Today, the college’s administration takes a lot of pride in its establishment of the neonatal nursing program, as only a few institutions have created similar programs in Africa. To date, 30 students have graduated with Bachelor of Science in Neonatal Nursing degrees, and have since been placed in newborn health care facilities across Sierra Leone.

The Ola During Children’s Hospital’s referral hospital Special Care Baby Unit is currently being developed as a national neonatal teaching center for nurses who care for newborns and will be led by clinical preceptors and faculty who are specially-trained to teach quality care for small and sick newborns.

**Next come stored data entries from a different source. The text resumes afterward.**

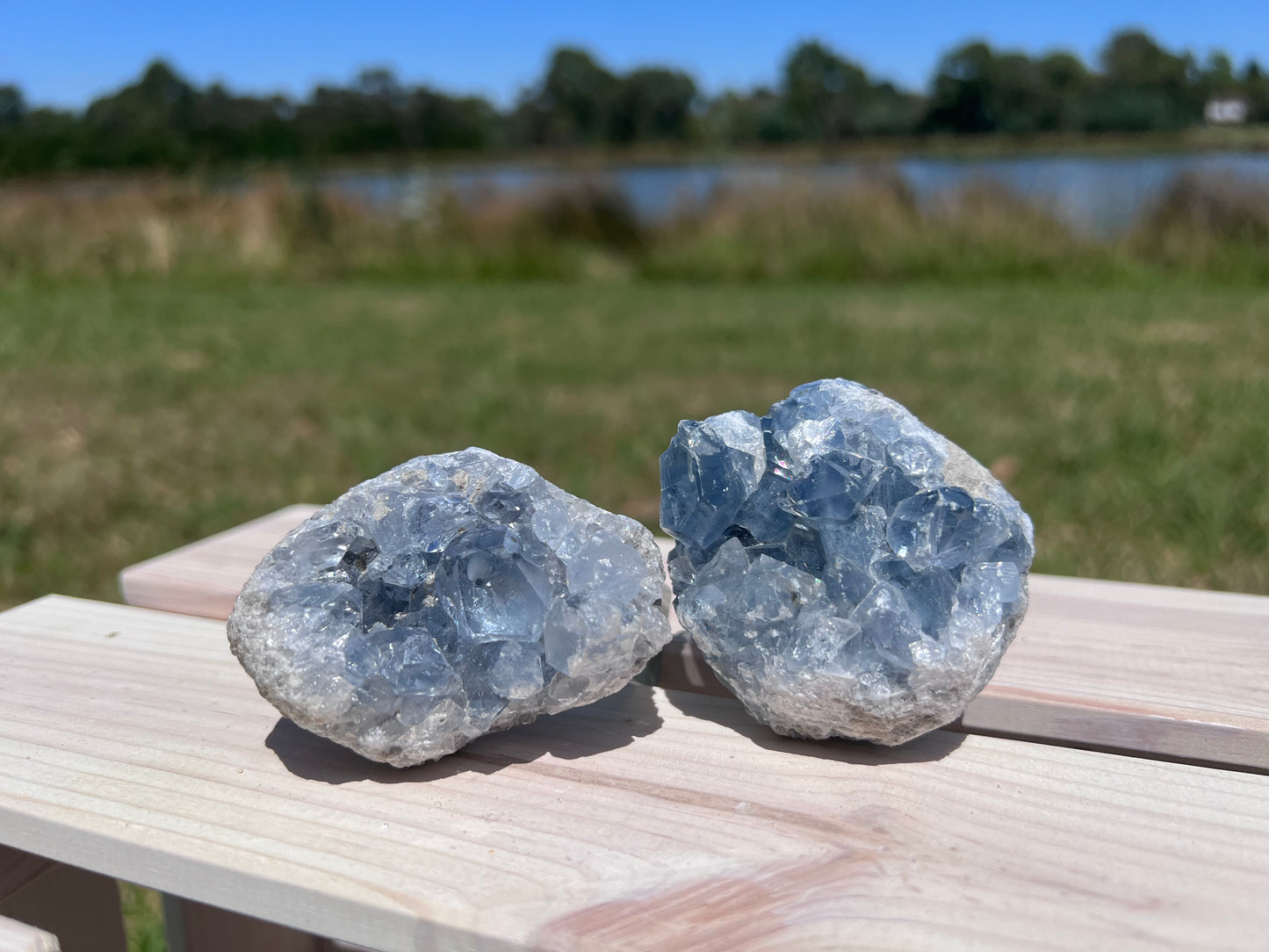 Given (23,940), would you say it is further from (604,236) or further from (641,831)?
(604,236)

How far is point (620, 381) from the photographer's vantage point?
14.6ft

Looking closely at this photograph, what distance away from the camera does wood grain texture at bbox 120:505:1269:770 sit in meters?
1.00

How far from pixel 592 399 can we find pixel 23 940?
3.47m

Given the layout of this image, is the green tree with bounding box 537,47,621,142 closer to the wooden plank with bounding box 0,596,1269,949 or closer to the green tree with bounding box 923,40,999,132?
the green tree with bounding box 923,40,999,132

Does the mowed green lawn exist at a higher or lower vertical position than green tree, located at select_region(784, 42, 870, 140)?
lower

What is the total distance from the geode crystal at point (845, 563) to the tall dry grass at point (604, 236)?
6.83 meters

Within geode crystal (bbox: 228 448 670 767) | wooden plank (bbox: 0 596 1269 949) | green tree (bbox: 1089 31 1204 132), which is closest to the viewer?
wooden plank (bbox: 0 596 1269 949)

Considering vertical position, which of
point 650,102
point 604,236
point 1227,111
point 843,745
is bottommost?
point 843,745

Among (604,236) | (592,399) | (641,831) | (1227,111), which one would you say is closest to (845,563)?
(641,831)

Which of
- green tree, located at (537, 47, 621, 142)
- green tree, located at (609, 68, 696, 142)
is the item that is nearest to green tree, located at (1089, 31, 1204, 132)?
green tree, located at (537, 47, 621, 142)

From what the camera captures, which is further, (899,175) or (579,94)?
(579,94)

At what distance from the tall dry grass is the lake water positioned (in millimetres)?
122

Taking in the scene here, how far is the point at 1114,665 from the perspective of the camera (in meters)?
1.13

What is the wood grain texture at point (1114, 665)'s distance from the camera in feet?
3.29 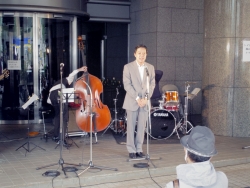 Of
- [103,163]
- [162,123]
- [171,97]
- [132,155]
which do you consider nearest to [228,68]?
[171,97]

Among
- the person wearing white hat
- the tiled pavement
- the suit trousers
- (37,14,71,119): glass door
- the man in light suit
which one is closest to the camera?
the person wearing white hat

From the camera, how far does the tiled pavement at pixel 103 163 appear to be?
6695 millimetres

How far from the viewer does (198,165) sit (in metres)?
3.08

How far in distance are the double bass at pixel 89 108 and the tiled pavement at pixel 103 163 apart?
65cm

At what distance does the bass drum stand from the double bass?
2153 mm

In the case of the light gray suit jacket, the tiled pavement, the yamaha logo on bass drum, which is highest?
the light gray suit jacket

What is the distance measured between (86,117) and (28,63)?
457 cm

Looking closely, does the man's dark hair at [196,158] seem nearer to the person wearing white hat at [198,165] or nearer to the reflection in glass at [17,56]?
the person wearing white hat at [198,165]

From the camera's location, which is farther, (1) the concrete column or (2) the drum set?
(1) the concrete column

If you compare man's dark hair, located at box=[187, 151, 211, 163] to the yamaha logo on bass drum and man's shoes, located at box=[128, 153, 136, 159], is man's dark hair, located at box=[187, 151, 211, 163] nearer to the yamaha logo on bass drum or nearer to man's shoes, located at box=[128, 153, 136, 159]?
man's shoes, located at box=[128, 153, 136, 159]

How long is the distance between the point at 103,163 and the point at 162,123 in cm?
259

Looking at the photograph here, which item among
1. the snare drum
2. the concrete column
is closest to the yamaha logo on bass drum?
the snare drum

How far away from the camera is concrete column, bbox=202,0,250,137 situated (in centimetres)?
996

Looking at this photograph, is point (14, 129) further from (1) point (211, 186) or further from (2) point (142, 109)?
(1) point (211, 186) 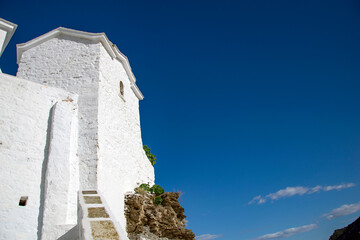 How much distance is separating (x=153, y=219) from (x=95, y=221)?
5563 millimetres

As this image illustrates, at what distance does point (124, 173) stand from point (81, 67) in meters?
4.63

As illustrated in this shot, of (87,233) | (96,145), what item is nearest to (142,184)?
(96,145)

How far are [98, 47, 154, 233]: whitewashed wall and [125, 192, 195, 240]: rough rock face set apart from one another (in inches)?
16.2

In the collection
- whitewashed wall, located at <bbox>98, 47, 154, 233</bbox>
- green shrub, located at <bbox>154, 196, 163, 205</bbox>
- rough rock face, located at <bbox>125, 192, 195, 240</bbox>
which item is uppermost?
whitewashed wall, located at <bbox>98, 47, 154, 233</bbox>

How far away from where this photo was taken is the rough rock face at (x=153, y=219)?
33.7 feet

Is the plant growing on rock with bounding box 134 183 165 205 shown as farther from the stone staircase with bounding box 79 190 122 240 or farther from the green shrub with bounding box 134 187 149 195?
the stone staircase with bounding box 79 190 122 240

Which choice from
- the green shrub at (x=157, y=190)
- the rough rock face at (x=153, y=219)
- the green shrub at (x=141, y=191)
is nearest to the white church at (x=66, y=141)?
the green shrub at (x=141, y=191)

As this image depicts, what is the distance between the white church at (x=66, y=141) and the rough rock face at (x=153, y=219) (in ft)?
1.66

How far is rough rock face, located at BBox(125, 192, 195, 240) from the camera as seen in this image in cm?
1027

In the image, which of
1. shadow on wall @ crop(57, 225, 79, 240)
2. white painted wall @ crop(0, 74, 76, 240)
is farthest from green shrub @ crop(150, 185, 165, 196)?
shadow on wall @ crop(57, 225, 79, 240)

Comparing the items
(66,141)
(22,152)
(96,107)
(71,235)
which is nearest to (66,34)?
(96,107)

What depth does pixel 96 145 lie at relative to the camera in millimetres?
9125

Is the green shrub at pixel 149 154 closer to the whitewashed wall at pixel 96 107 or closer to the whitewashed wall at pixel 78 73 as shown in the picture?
the whitewashed wall at pixel 96 107

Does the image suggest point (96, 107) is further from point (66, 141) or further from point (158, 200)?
point (158, 200) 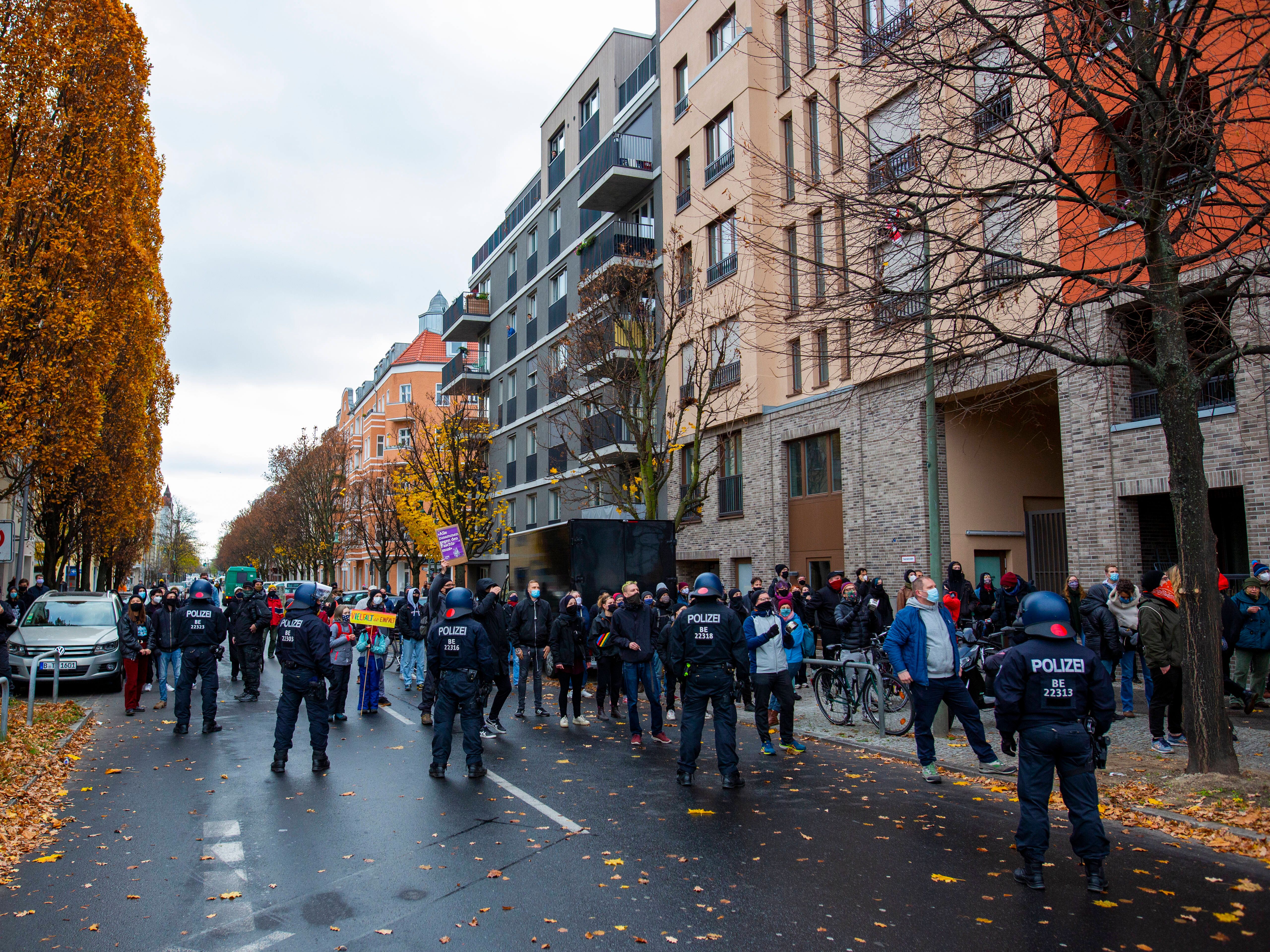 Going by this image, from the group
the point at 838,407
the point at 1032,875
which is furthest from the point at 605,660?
the point at 838,407

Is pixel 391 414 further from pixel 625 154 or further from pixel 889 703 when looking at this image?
pixel 889 703

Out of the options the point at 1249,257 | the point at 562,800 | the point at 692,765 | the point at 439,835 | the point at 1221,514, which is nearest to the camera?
the point at 439,835

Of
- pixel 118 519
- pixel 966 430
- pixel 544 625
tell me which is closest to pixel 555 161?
pixel 118 519

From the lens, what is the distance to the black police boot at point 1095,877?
5.27 metres

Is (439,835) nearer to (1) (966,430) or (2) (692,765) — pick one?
(2) (692,765)

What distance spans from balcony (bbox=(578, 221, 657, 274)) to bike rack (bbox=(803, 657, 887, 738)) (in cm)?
1853

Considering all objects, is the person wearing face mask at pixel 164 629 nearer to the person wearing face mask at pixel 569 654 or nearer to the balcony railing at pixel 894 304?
the person wearing face mask at pixel 569 654

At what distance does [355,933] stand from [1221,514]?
15.0m

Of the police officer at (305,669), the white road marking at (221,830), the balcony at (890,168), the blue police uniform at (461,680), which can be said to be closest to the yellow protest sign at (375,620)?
the police officer at (305,669)

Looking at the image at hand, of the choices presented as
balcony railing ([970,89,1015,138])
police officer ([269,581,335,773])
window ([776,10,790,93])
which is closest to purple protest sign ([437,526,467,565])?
police officer ([269,581,335,773])

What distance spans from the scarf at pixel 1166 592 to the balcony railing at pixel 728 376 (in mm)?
15451

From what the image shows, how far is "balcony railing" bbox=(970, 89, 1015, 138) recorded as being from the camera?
8750 millimetres

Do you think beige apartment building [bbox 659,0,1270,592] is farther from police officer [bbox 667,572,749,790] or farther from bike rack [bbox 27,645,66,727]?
bike rack [bbox 27,645,66,727]

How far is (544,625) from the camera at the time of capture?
12836 mm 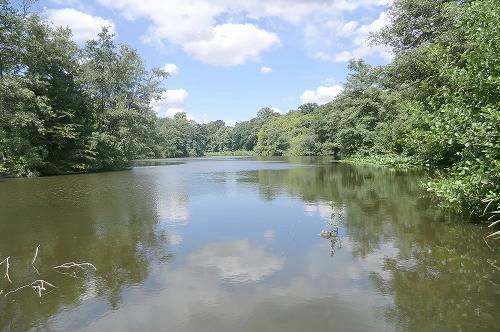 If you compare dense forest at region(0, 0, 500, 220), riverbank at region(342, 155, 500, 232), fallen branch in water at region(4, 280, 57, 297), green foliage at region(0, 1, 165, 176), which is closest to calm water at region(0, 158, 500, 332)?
fallen branch in water at region(4, 280, 57, 297)

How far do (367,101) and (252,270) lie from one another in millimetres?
42396

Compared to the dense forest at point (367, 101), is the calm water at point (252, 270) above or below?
below

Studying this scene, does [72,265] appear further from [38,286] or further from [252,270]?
[252,270]

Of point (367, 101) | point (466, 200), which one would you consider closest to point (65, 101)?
point (367, 101)

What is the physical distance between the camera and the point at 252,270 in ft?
25.5

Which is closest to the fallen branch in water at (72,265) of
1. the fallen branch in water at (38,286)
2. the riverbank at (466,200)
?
the fallen branch in water at (38,286)

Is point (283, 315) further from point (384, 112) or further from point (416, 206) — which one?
point (384, 112)

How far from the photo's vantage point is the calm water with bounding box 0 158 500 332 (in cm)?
555

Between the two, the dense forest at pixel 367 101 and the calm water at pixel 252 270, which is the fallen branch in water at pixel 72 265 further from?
the dense forest at pixel 367 101

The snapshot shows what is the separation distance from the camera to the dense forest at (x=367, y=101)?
32.4 feet

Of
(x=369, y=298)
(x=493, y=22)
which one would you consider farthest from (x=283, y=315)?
(x=493, y=22)

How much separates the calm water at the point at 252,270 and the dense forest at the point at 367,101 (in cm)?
226

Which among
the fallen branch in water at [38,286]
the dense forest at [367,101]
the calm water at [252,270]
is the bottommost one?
the calm water at [252,270]

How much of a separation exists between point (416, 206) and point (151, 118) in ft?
119
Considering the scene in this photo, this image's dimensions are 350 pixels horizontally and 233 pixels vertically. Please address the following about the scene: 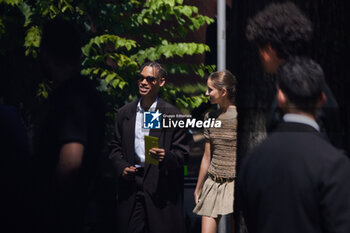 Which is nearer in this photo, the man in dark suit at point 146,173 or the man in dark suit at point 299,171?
the man in dark suit at point 299,171

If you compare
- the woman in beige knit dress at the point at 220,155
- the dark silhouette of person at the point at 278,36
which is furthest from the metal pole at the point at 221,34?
the dark silhouette of person at the point at 278,36

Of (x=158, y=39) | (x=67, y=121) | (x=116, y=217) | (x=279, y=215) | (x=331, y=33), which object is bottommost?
(x=116, y=217)

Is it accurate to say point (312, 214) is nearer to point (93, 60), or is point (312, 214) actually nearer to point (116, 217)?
point (116, 217)

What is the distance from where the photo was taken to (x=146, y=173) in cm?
457

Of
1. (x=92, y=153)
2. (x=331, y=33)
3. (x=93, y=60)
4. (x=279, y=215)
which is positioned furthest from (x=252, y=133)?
(x=93, y=60)

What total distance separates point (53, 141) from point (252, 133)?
46.7 inches

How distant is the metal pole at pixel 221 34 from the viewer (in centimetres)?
538

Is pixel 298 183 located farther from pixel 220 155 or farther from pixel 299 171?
pixel 220 155

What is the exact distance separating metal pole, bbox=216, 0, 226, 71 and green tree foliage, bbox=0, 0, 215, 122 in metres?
0.17

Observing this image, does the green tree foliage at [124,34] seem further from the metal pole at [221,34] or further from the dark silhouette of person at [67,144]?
the dark silhouette of person at [67,144]

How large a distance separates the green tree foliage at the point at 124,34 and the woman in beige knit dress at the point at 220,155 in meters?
0.89

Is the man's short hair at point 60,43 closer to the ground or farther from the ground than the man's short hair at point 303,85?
farther from the ground

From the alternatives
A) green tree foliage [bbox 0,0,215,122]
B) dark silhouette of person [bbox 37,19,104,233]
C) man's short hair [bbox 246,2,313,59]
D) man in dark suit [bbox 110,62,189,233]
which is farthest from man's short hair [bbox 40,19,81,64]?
green tree foliage [bbox 0,0,215,122]

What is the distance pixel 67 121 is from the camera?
2672 millimetres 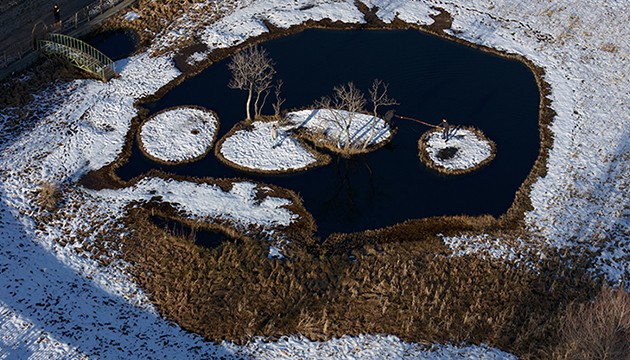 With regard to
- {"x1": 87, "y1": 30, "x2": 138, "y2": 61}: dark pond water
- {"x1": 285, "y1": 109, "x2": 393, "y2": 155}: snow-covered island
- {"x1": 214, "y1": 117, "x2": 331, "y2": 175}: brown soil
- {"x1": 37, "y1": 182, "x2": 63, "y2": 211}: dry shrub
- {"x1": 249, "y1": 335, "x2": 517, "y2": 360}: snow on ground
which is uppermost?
{"x1": 87, "y1": 30, "x2": 138, "y2": 61}: dark pond water

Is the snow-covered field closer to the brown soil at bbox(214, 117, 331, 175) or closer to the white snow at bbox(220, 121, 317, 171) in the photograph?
the brown soil at bbox(214, 117, 331, 175)

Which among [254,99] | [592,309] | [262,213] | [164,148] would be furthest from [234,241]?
[592,309]

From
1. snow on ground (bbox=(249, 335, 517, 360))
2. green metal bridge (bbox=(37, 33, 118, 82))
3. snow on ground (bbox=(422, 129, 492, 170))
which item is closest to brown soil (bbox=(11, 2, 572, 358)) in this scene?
snow on ground (bbox=(249, 335, 517, 360))

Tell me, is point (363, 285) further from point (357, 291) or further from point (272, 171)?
point (272, 171)

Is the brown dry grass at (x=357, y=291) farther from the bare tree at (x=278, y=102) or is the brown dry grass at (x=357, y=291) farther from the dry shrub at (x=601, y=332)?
the bare tree at (x=278, y=102)

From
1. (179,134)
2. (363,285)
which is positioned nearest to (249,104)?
(179,134)

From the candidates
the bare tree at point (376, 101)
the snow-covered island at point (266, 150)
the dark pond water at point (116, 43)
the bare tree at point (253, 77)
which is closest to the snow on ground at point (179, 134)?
the snow-covered island at point (266, 150) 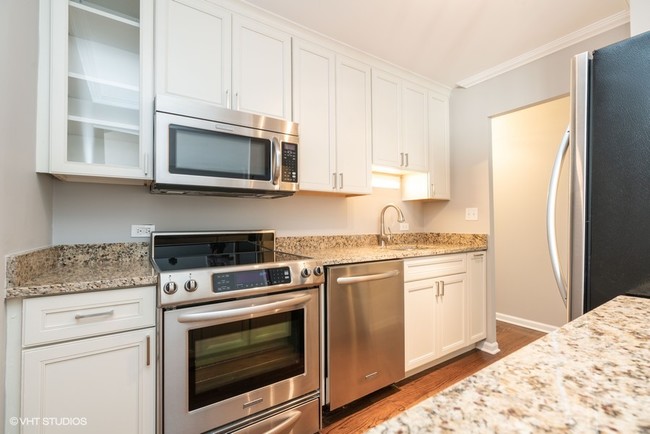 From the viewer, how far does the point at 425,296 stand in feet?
7.10

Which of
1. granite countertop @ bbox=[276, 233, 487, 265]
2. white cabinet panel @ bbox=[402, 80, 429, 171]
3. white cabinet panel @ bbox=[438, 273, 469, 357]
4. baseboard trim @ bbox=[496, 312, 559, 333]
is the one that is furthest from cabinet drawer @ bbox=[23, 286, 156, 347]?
baseboard trim @ bbox=[496, 312, 559, 333]

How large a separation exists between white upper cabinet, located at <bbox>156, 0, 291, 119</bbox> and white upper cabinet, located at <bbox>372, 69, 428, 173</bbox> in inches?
31.6

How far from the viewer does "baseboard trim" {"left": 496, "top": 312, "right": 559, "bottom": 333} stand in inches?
117

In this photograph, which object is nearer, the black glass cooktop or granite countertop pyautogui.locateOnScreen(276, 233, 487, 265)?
the black glass cooktop

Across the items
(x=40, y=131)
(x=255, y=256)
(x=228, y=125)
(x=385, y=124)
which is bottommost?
(x=255, y=256)

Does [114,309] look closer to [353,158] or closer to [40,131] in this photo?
[40,131]

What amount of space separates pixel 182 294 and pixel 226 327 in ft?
0.88

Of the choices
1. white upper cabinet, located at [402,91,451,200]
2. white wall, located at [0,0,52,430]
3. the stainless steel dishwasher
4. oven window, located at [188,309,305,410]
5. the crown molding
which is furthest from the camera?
white upper cabinet, located at [402,91,451,200]

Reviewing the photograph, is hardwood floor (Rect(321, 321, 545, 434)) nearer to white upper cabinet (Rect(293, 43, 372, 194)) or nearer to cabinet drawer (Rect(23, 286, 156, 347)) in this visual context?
cabinet drawer (Rect(23, 286, 156, 347))

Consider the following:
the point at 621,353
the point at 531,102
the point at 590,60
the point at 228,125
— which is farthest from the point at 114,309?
the point at 531,102

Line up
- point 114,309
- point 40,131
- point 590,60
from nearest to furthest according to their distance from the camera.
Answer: point 590,60, point 114,309, point 40,131

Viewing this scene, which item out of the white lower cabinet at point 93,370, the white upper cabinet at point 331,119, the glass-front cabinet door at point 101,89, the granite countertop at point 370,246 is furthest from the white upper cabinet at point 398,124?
the white lower cabinet at point 93,370

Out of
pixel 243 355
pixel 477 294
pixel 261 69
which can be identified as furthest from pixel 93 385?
pixel 477 294

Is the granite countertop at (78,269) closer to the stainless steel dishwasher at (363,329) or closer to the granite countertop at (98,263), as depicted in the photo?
the granite countertop at (98,263) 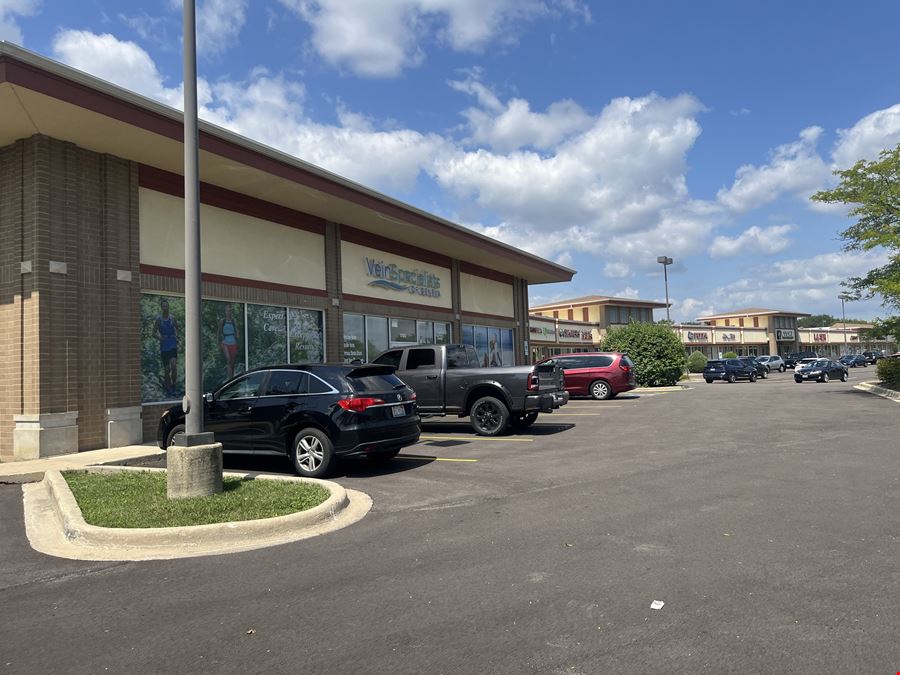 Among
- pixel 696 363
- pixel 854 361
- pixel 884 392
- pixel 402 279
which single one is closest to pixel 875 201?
pixel 884 392

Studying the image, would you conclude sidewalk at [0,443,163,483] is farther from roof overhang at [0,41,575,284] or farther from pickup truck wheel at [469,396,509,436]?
pickup truck wheel at [469,396,509,436]

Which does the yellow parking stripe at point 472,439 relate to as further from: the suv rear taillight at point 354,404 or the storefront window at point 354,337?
the storefront window at point 354,337

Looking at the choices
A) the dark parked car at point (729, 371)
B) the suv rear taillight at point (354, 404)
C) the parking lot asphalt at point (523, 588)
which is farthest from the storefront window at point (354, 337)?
the dark parked car at point (729, 371)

Together, Project HOPE and Sierra Leone are preparing a new corps of neonatal nurses, decreasing the high neonatal mortality rate, and offering a successful model of education and practice for other countries to follow. The model has proven that a team of volunteers can successfully operationalize a complicated program over time.

When volunteers are asked why they want to continue offering their time in the program, they say it is because of their joy in providing service to others and the development of positive relationships with counterparts that in most cases has lasted years

I’m very proud of what Project HOPE volunteers have accomplished with our partners and counterparts in Sierra Leone — especially in the development of a program that will train a generation of neonatal nurses. This program is one of the first of its kind in Africa and stands out as an example of true partnership and collaboration that other countries and organizations can follow. I am honored to be a part of this effort, and look forward to seeing the long-term impact our work will have on the care of mothers and newborns in Sierra Leone.

Carolyn Kruger, Ph.D, MSN, MA, is a Project HOPE Volunteer of the Year 2018 and former Director of Nursing at Project HOPE. She has worked as a volunteer with the Neonatal Nursing Volunteer Program in Sierra Leone for the past six years.